When you think of massage, common assumptions would be that it’s relaxing, peaceful and restful. And these are all true, but there are other emotional releases you might experience - and they’re totally normal. Some people may experience a sudden rush of grief, anger, sadness, fear or hysteria; and even if you’ve had regular massages before, you might experience the emotional release a sporadic phenomenon.
You are not alone. So why does it happen?
The short answer is that we carry tension without our soft tissue, which massage can unlock. A long answer is that the body has an interesting capacity to contain past events within the muscle and peripheral nervous system. In the same way that a smell can unlock a memory, releasing the tension collected within your muscles can release a memory or locked emotion. There are a couple of technical terms which might help clarify how the body maintains the tension. Proprioception, or Kinestisia, is the body’s understanding of spatial orientation and gravity. It’s the reason you don’t need to look at the floor when you’re walking, and you can touch your elbow with your eyes closed. Nerves are constantly sending information to your brain about your muscles, and your brain uses the data to understand texture, pressure etc. Nociception is the stimulation of pain receptors, so your body can recognise damage; for example, the pain you feel when you burn yourself. Your body, as a survival response, will recognise certain situations and automatically have a physical reaction - a response which might not be a conscious thing. So, when that physical reaction is tampered with, by releasing the tension in the soft tissue, it can also release the emotional reaction.

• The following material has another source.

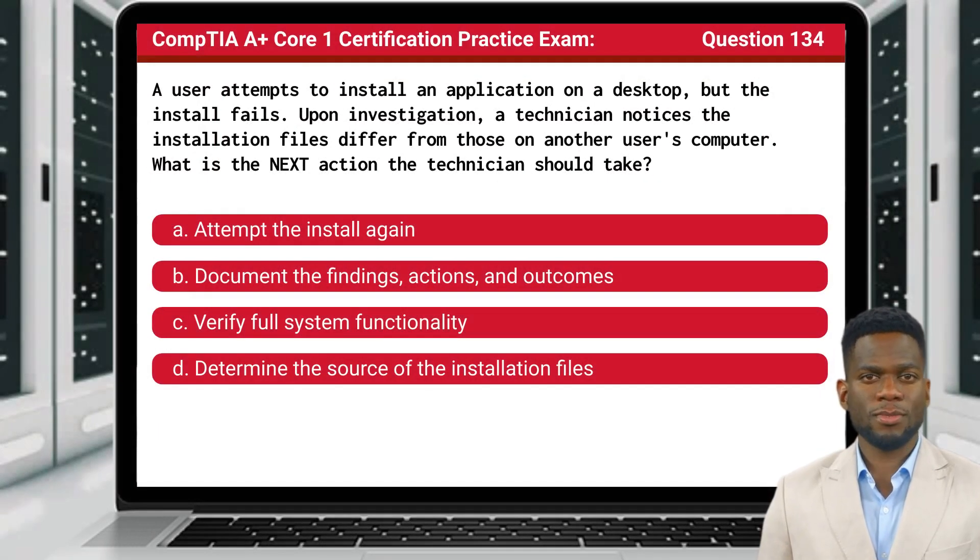Question 134. A user attempts to install an application on a desktop, but the install fails. Upon investigation, a technician notices the installation files differ from those on another user's computer. What is the next action the technician should take?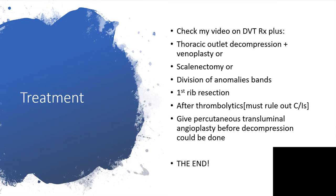Regarding treatment, kindly check my video on DVT. In addition to that, when it comes to PSS, we have to perform thoracic outlet decompression and venoplasty, or scalenectomy, or division of anomalous bands. There is a possibility of first rib resection if that is the culprit. After thrombolytics — but we have to rule out the contraindications to thrombolytics before administration. We can also give percutaneous transluminal angioplasty before decompression is done.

It’s why some people have been known to cry during a massage session, or others who’ve felt overwhelmed by the whole experience. As I’ve said in the beginning, you’re not alone if you experience this. It’s totally normal, and you just need to let us know if you’re experiencing an emotional overload. This reaction can happen during or after the massage; as the body relaxes, it’s normal for the body to let go of the tension it has been holding.
However, sometimes the focus or sensation of touch might be enough to delay the emotional reaction, so you may find that the emotional release occurs after the session has ended. Make sure you’re in a comfortable and safe environment and let yourself feel those feelings. Have a good cry, take a deep breath - it’s all part of the process, and it will leave you feeling much better afterwards.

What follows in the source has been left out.